In a bid to check haphazard growth in the state, the Punjab chief minister Parkash Singh Badal on Friday announced the state government would soon amend the Punjab Apartment Property Regulation (PAPR) Act, 1995 to insert stringent provisions of law to deter the erring colonisers and builders indulging in the construction of unauthorised colonies on one hand and fleecing the innocent people on the other.
Presiding over a meeting of the delegation of the Punjab unit of Confederation of Real Estate Developers Association of India (CREDAI) at here on Friday, Badal asked the secretary housing and urban development to study the procedure adopted by the Haryana government to prevent the construction of unauthorised colonies.

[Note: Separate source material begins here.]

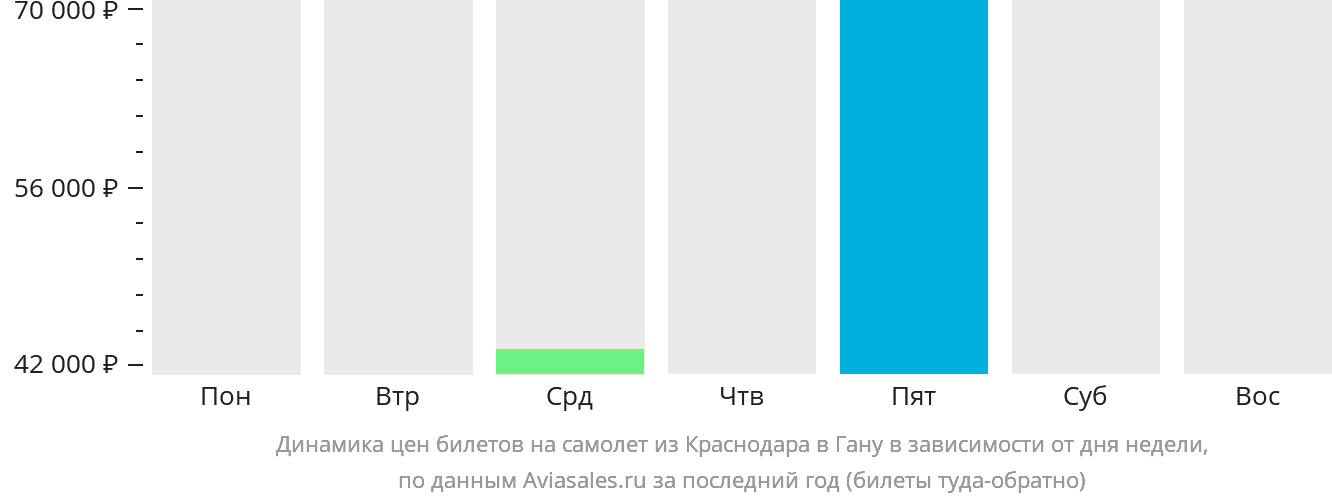 Динамика цен билетов на самолёт из Краснодара в Гану в зависимости от дня недели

Showing deep concern over the growing trend of unauthorised colonies in Punjab, Badal said, ?It is not only detrimental to the holistic growth and development of the state but also causes sheer exploitation and harassment to the people, who are left in lurch sans proper infrastructural facilities in these colonies.?
Responding to the demands raised by the delegation of CREDAI, the CM asked the Punjab State Power Corporation to provide either single point metering system to the promoters of the licensed colonies or an individual meter to all the residents.
Badal also directed the chairman, Punjab State Power Corporation to install the 66 kv grid sub station within the premises of licensed colonies by charging Rs 3 crore from the promoters in addition to 5% ex-gratia on account of escalation in the cost of electrical equipment and material.
The CM also asked the chairman of the Punjab Pollution Control Board to issue ?No Objection Certificate? to the promoters and the colonisers positively within 90 days and in case of not raising any objection in this regard within the stipulated time frame, failing which it would deemed to be issued.
He, however, said the board should also ensure that at the time to receiving applications it should intimate the entire procedure to the promoters and thereafter no piecemeal objections should be raised.